Snow in McGrath Offers Relief for Battered Iditarod Mushers
The Iditarod trail continued to claim victims through Tuesday. Reports of everything from broken ankles to broken hands came filtering back from Rohn and Nikolai.
It will take a combination of resilience and persistence for mushers to keep moving down the trail.
Before mushers ever left Willow, four-time champion Jeff King predicted more than a few teams would never make it past Nikolai.
“There will be some race ending circumstances for some of the teams early in the race,” he said.
King was correct. Reports from Rohn include stories of a broken hand, a broken ankle, and numerous tales of broken and battered sleds. But none of that has stopped Aliy Zirkle.
“It will take a little bit, it will take a broken limb for me to get out of this race, which I can’t, I won’t say won’t happen,” Zirkle said.
Her team seemed nearly unscathed as they passed quickly through McGrath. In fact they really didn’t want to stop at all. They pulled hard as Zirkle put her full weight on the sled brake. They let her stay only long enough to sign out of the check point.
Sonny Lindner arrived first in McGrath, chased by a bright red helicopter. He says the trail was smooth and soft compared to what teams battled earlier in the day.
“I like this trail better than yesterday’s,” Lindner said.
That’s because there is actually snow on the trail into McGrath.

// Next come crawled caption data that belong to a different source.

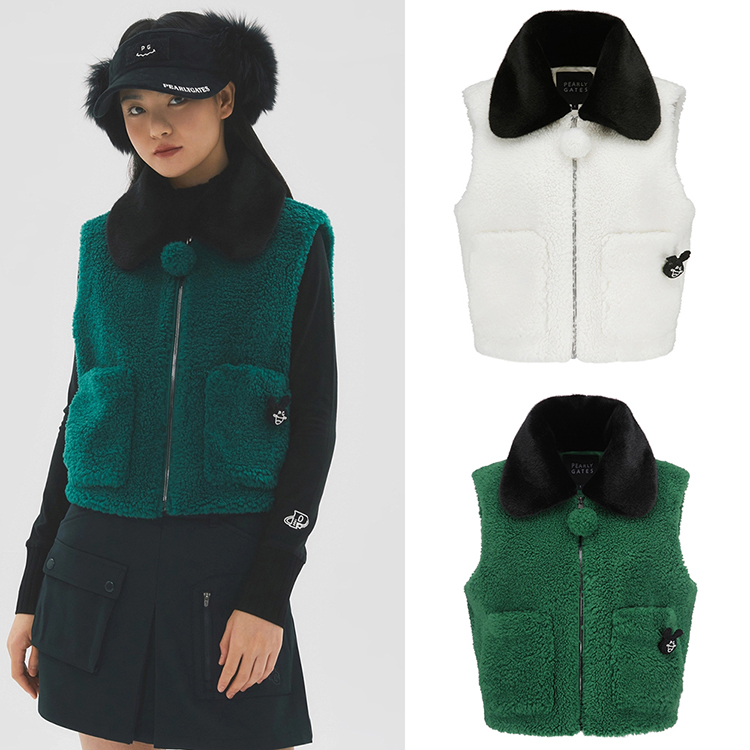 韩国代购PEARLY GATES高尔夫穿搭特价毛领羊羔绒保暖运动马甲女式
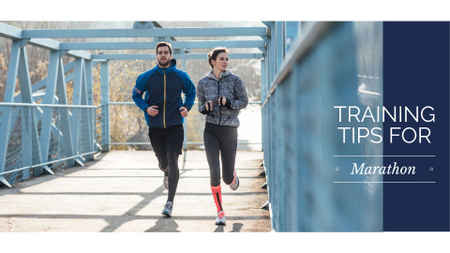 Training tips for marathon with Couple running in city Presentation Wide Design Template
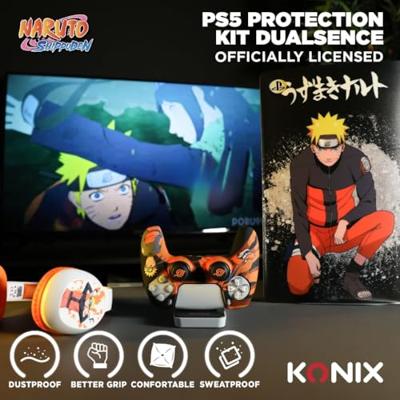 Beschermhoes voor controller - KONIX - Naruto Shippuden - DualSense PS5 - Siliconen - Kurama/Kyûbi en Naruto patroon - Zwart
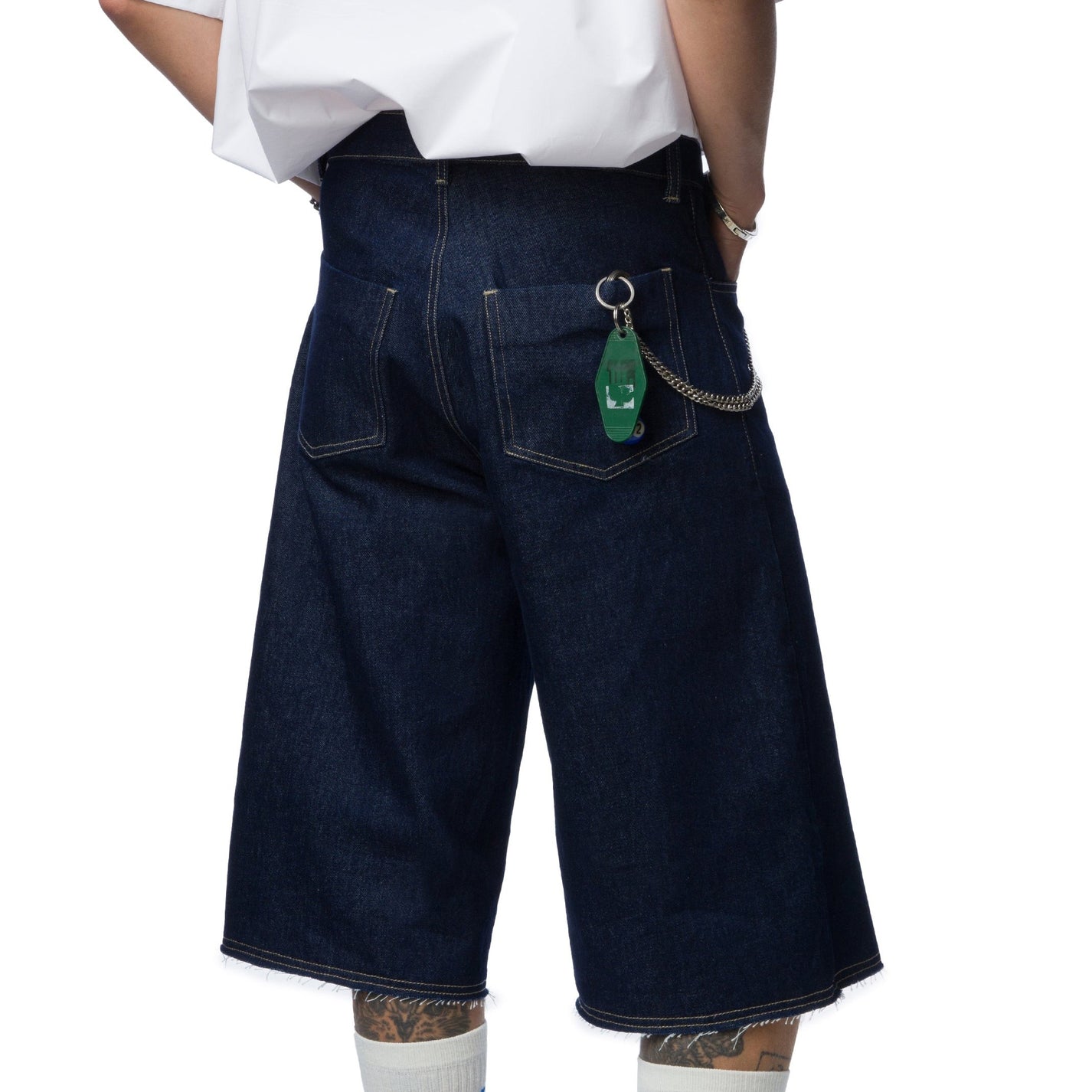 UNISEX DENIM KAPRI-Mavi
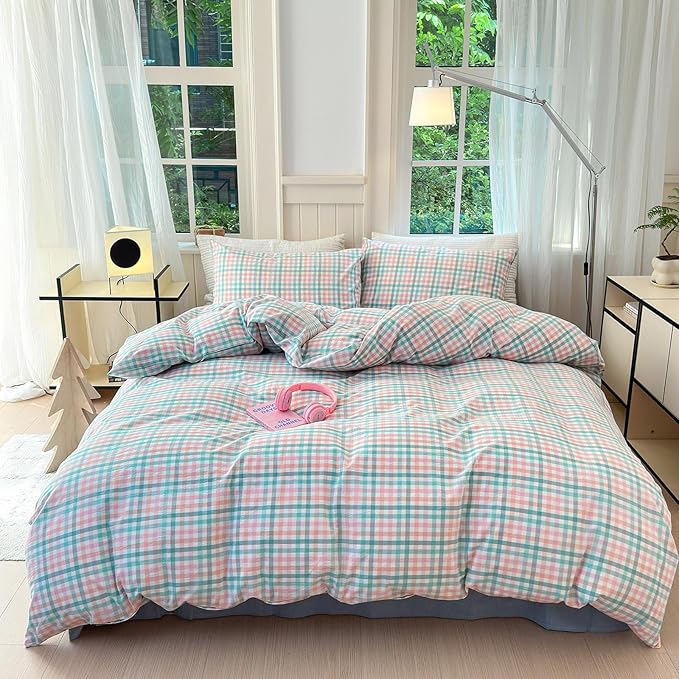 LifeTB Gingham Comforter Set Full Size Colorful Plaid Checkered Pattern Comforter Geometric Grid Plaid Printed Bedding Comforter Set with 2 Pillowcases Luxury Soft Fluffy Gingham Bedding Set Full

Lindner says it’s purely luck that kept his sled together and his body intact.
“Most of that trail, there was no control, you just had to try and hang on and not hit anything big,” he said.
But Lindner says communication with his team did break down a little bit.
“Every time you say ‘easy,’ usually in fall training you do it in fall training to mean ‘slow down,’ but there ‘easy’ meant ‘hey the sled’s going to hit you at 80 miles an hour now, so you better get out of the way, so now they’ll hear it and want to take off,” Lindner said.
He says it will be another day or two before he knows what kind of effect a rough trail had on his team.
“We’ve got to look them over and see after running them over that stuff in the gorge and everything. I’m sure some soreness is going to show up….right there,” Lindner said.
He points to his own right knee and laughs. He admits his dogs are far more resilient than his 64-year-old body.
Even if they did make it past Nikolai, there are other mushers showing plenty of signs of wear and tear. Hans Gatt came into McGrath looking tired. He stayed only long enough to drop his snow hook and run down the street for a drop bag. Despite the jog, he’s in pain. He hit his head somewhere along the trail and is now taking ibuprofen for a sore neck.
“It’s just stopping 16 dogs with my head, you know didn’t help,” Gatt said.
Aaron Burmeister also winced as he dropped his hook and tried to pound it into the snow with his foot. He couldn’t hold his barking, jumping dogs by himself.
He reportedly has a torn ACL, so he can’t put his full weight on the brake. He didn’t say much as he blew through McGrath.
Schwing: “Are you feeling alright Aaron?”
Burmeister: “Oh, I’ll be alright.”
Burmeister took a few minutes to limp down his line of barking, jumping dogs and look them over before he eased himself back on the runners, grit his teeth and dropped down onto the Kuskokwim River.
Mushers are required to take a 24-hour rest somewhere along the trail before they get off the Yukon River in Kaltag. Many stop in Takotna, but a few might lay over early in McGrath depending on the state of their bodies and their equipment. Still others may opt to stop in smaller, quieter checkpoints like Ophir and Cripple.